Co-investment is a strategy in which several investors join forces to jointly finance a project or asset. This method is particularly used in sectors such as private equity, real estate or infrastructure. In addition to collaborations initiated by a main investor, often a fund or a management company, there are Club Deals. The latter are made up of freelancers or companies that do not specialize in fund management, offering a more flexible and autonomous approach.

How co-investment works

A lead investor identifies an opportunity and offers other partners the opportunity to participate. The latter, sometimes called “co-investors”, provide additional capital, thus making it possible to raise the funds necessary to finance the project.

In the context of this type of investment, it is common to use a SPV (Special Purpose Vehicle), a company created specifically to structure the operation. Investors do not become direct owners of the underlying asset, but they own shares in this intermediary company. This structure facilitates asset management, the distribution of rights between participants and ensures greater transparency.

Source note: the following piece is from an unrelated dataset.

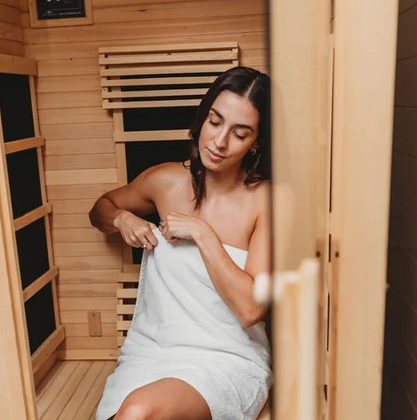 Woman wrapped in a white towel sitting inside a wooden sauna, adjusting her towel.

These associations often take place in parallel with a main fund, but offer participants specific conditions, such as reduced fees or direct involvement in the project.

Benefits of co-investing

  • Access to exclusive opportunities: Participants can invest in projects or assets that are usually reserved for large institutional investors.
  • Cost reduction: Compared to a traditional investment via a fund, management fees are often lower, as they do not go through intermediaries.
  • Risk sharing: The participants spread the financial risks associated with the project.
  • Diversification: This approach makes it possible to extend investments to several projects or assets, thus reducing exposure to a single one.
  • Structural simplicity thanks to SPVs: The creation of an SPV allows centralized asset management and a clear distribution of rights and responsibilities.

Application example

As part of a real estate acquisition, a management company identifies a high-value building and invites its partners to join the operation. An SPV is created to structure the investment. Each participant owns a share in this company, which owns the building. The income generated by renting or reselling is then redistributed to investors in proportion to their holdings.

Whether it is a project led by a main investor or a Club Deal, this strategy offers participants an opportunity to optimize their resources while benefiting from strategic alignment with other investors. By combining capital and expertise, it maximizes the chances of success.